Так что Франц меня не отпускает. Молодой граф фон Вальдберг восхищен тем, что я нравлюсь его друзьям, что люди, принадлежащие к сливкам венского общества, так тепло принимают меня. В связи с этим он передает мне услышанные им комплименты в мой адрес: «Она неотразима и так привлекательна, у нее такие верные суждения, идущие от самого сердца. Бриллиант, мой дорогой, вам достался истинный бриллиант!»
Есть чему подивиться: стоит мне где-либо появиться, поднимается шумиха. Поначалу я предполагала, что это связано с обаянием новизны, но эффект длится вот уже больше года и лишь усиливается. Люди толпятся вокруг меня, жаждут моего общества.

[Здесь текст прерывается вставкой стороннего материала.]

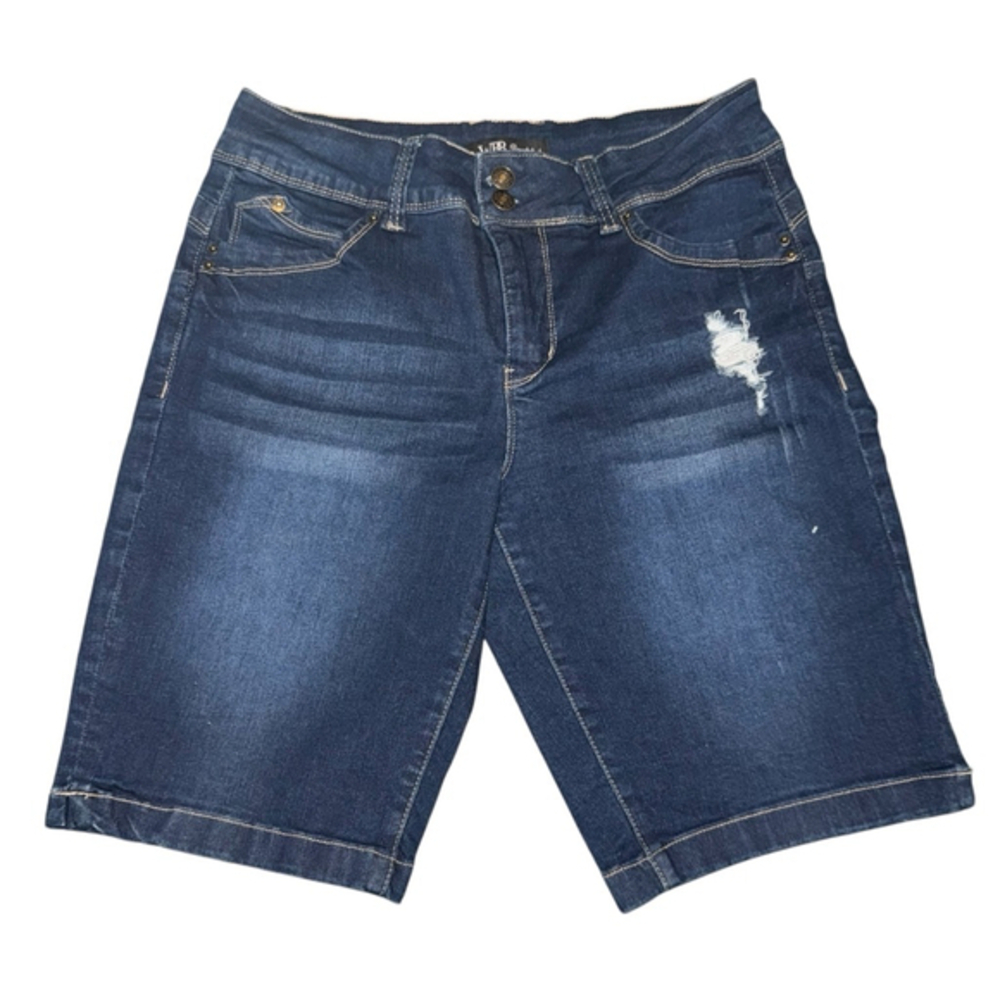 Women's WBB Royalty Distressed Denim Shorts, Size 8, Blue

— Невероятно! — восклицает Франц. — Записная кокетка и та привлекает куда меньше внимания. Мужчины и женщины, старики и молодежь — все от тебя без ума.
Когда мы возвращаемся с бала, Франц описывает мои достижения, он не дивится им — он ликует. Обычно он потом целует меня в шею и добавляет:
— Заметь, я их понимаю. — Потом его прохладные губы касаются моих. — И напоминаю себе, что мне выпал редкий шанс: я стал избранником обворожительной Ханны… — он опускает шторку нашей кареты, — на тот — маловероятный — случай, если я забуду об этом.

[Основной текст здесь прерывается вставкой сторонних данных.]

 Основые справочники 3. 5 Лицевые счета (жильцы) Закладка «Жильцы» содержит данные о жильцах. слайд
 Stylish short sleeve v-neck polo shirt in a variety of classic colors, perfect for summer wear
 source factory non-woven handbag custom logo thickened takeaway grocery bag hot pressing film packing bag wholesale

Ну, продолжение этой сцены ты можешь себе представить… Она либо разворачивается в доме, либо, если мы едем издалека, все завершается прямо в экипаже.
Так как Франц помешался на мне, он трактует мой успех сквозь призму своей страсти: при виде меня смертные ощущают отголосок того, что испытывает он.
Бедный Франц, если бы он знал, чем вызван мой жалкий триумф!.. Когда меня спрашивают: «Как вы себя чувствуете?» — я пылко отвечаю: «А вы сами?» Слишком низко оценивая себя, чтобы откровенничать, я предпочитаю интересоваться другими. Никто не обвинит меня в том, что я уклоняюсь от ответа, моя отстраненность, похоже, несет положительный сигнал; и вот мой собеседник раскрепощается, он может затронуть любимый сюжет — поговорить о себе самом. Путь свободен! Он поверяет мне свои радости и страдания, превозносит себя, жалуется, шутит, плачется на невзгоды, выдает дерзкие мнения, выкладывает мне секреты, отваживается выказать угрызения совести и раскаяние, он выражает надежды, изливает настроение, посвящает в свой выбор, причем без разбору — я принимаю все. Происходит словесная разрядка. В обществе я пользуюсь прекрасной репутацией в той мере, в какой превратилась в слух. Не имея, что сказать, я доставляю себе удовольствие слушать; зануда с дурным запахом изо рта интересует меня больше, чем моя скромная особа. Так что нетрудно представить, с какой скоростью ко мне сбегается народ, стоит мне переступить порог гостиной. На самом деле мои достижения основаны на ловком трюке: я — священник, который не осуждает! Под золоченой лепниной, среди цветов в горшках я располагаюсь в импровизированной исповедальне. Смотреть на меня приятнее, чем на многих кюре, я более терпима, чем они, кроме того, я воздерживаюсь от наказания кающихся.